Use the Museum

Ivan Muñiz Reed
2017

Use the Museum
Ivan Muñiz Reed
Escuela de Arte Útil (School of Useful Art), June 20–August 10, 2017, Yerba Buena Center for the Arts, San Francisco, California

In an act of extreme self-sacrifice, renowned Cuban artist Tania Bruguera once loaded a bullet into a revolver and played Russian roulette in front of a live audience. She has been arrested, bruised, dragged by the hair and charged for publicly defending free speech. Just recently she announced her candidacy to become Cuba’s next president and urged others to do the same as an antidote to the fear-based apathy that grips Havana. Her actions are not forms of dissidence nor opposition. They do not advocate for a single group nor ideology, but for everyone. Bruguera enunciates her resistance as political art.

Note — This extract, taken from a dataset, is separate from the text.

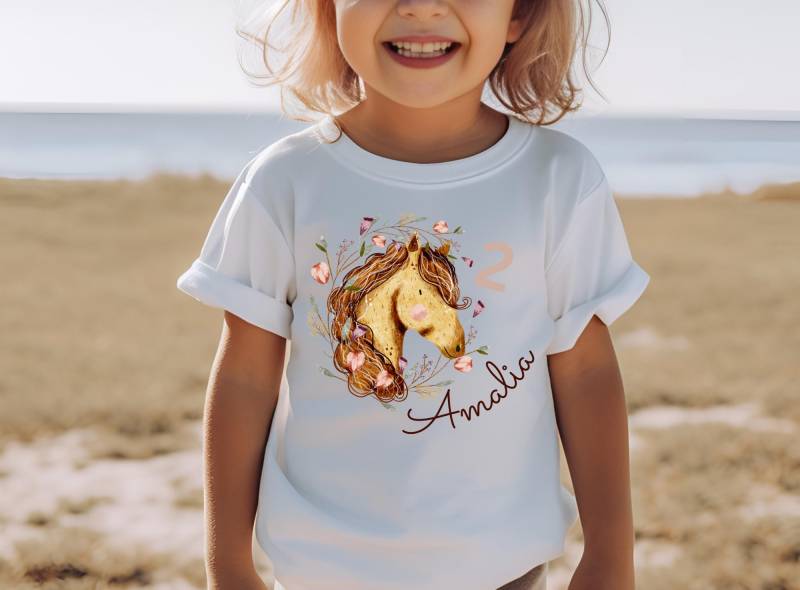 T-Shirt Geburtstagsshirt Personalisiert Geburtstagskind Junge Mädchen Pferd Reiterin Blumen Pony von InselKids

Over the course of summer (in the northern hemisphere) I was fortunate to attend a few sessions of Escuela de Arte Útil (School of Useful Art), a new iteration of an ongoing project by Bruguera commissioned by YBCA as part of her major survey Tania Bruguera: Talking to Power / Hablándole al Poder. In short, the Escuela is a classroom set up inside the gallery where students explore the concept of Arte Útil (translated as both useful art and art as a tool) and its potential to effect social and political change. As a sporadic member of the Escuela I want to clarify that this account is not exhaustive but rather a glimpse into the some of the discussions that took place at the Escuela over the past couple of months.

As you enter the main gallery, a revolver sits on top of an otherwise empty table, facing a group of empty plastic chairs. Towards the back, footage of Bruguera performing Self-sabotage reveals the installation as a tableau of the moment where she held the gun to her temple and pressed the trigger at the 53rd Venice Biennale in 2009. Just outside that room, another installation recreates a public performance (Tatlin’s Whisper #6) where Bruguera gave Cuban citizens an open mic to speak freely about their concerns for one minute, resulting in the arrest of her collaborators, participants and Bruguera herself (in an aborted second iteration of the work in 2014). Weaving through other works in the show, a few steps further towards the back quadrant of the main gallery, the set-up for the Escuela becomes visible.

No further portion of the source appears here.